Sample Letter to Education and Public Outreach: Opportunities in Education and Public Outreach in Earth and Space Science (EPOESS)
National Aeronautics and Space Administration (NASA)
Research Opportunities in Space and Earth Sciences (ROSES-2013)
Dear EPOESS Committee Members,
Consistent with the ROSES EPOESS goals of Strengthen (NASA and the Nation’s future workforce), Attract (and retain students in STEM disciplines), and Engage (through hands-on, interactive educational activities), as well outreach to underserved and underrepresented in the STEM professions, Borderland Ecology and Earth Sciences (BEES) will engage rural students in the borderland communities outside Las Cruces, New Mexico through a 3-year, intensive, spring training and summer learning program. Specifically, we will target 1st – 12th vulnerable children in poverty (predominantly Hispanic and English Second Language Learners),who currently have little or no access to high quality Earth Science educational programs through community center involvement and even reaching into impoverished communities (colonias) without access to such programs by means of a mobile, interactive learning lab. Data analysis, planning, and interactive web support and public outreach will occur year-round.
The Principal investigator is REDACTED who has led successful, science-based programs such as the SEMAA (Science Engineering, Mathematics, and Aerospace Academy), and Academies for Young Scientists. Our project has developed a three tiered, complimentary approach that targets students (for awareness of career opportunities in earth sciences), teachers (to carry on inquiry-based methods to their students when the project ends), and a web component (for engagement and data sharing/comparison between students and their instructors across the globe by the third year).
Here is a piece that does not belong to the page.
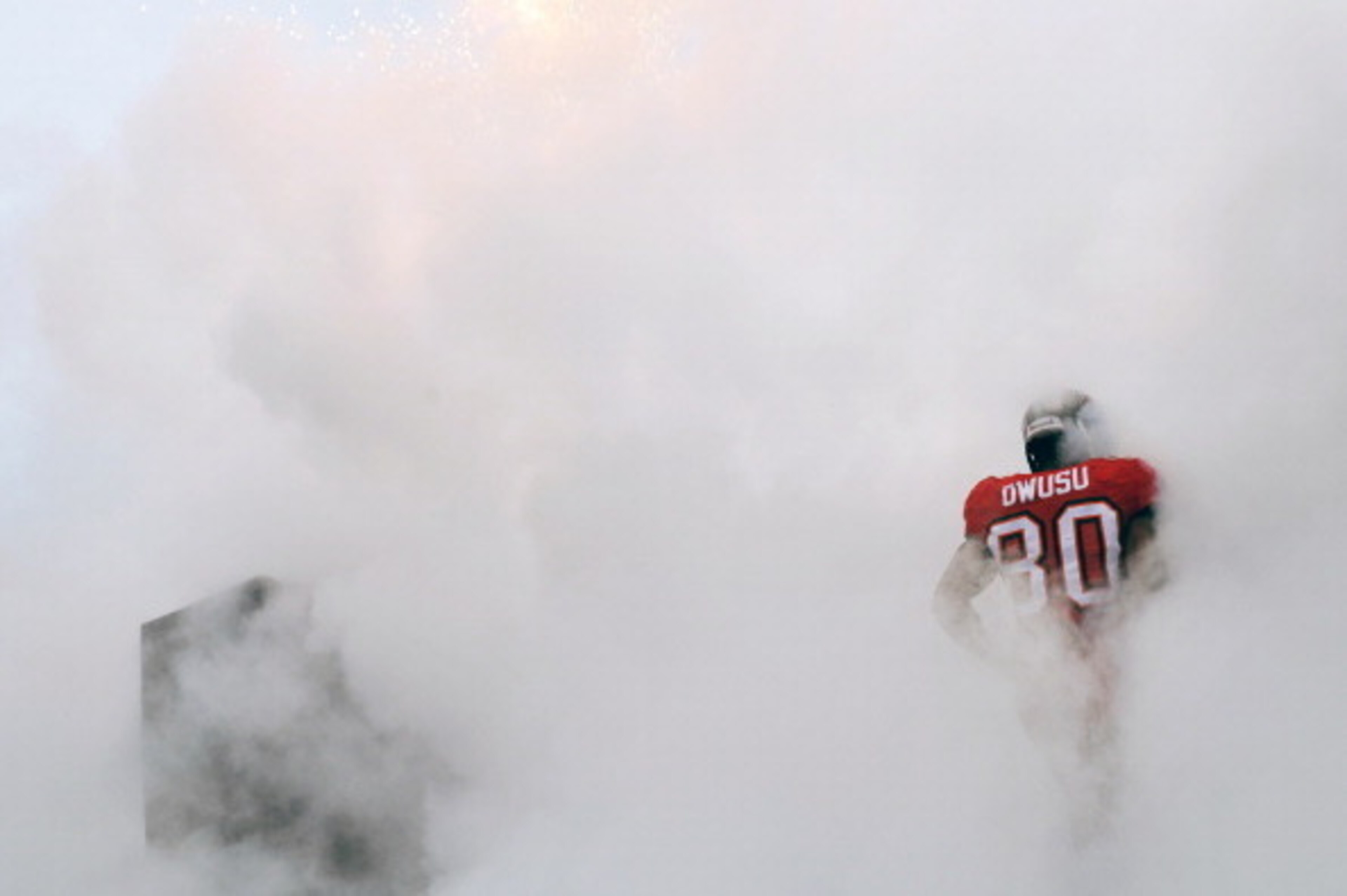 The Bucs' depth at receiver gets cloudy after the two starting spots. The Bucs' depth at receiver gets cloudy after the two starting spots.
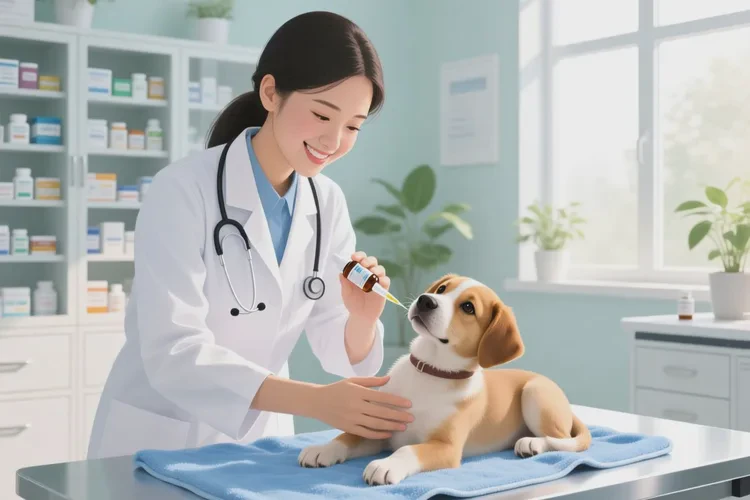 小狗打疫苗前要驱虫吗(图1)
BEES will provide an innovative, hands-on, and career-aware program that emphasizes inquiry and scientific method, hypothesis development, and sound scientific method in testing, data collection, analysis, and control. With global climate and ecological challenges as a focal point – challenges too familiar in underrepresented communities in the region – we will create awareness within students not only of their potential to pursue STEM fields and its relation to Earth Science, but also how their community contributes to and interacts with other communities on a global level. That is, that even seemingly isolated systems contribute to a “whole earth” climate. This awareness and interaction with local teachers and others across the globe will, we believe, empower students with a greater understanding of their interaction with the planet as a whole.
Research questions pertaining to career expectations, students’ valuation of themselves and their community, and understanding of inquiry-based scientific method will guide the development, implementation, and evaluation of the program over the proposed 3 years of its implementation.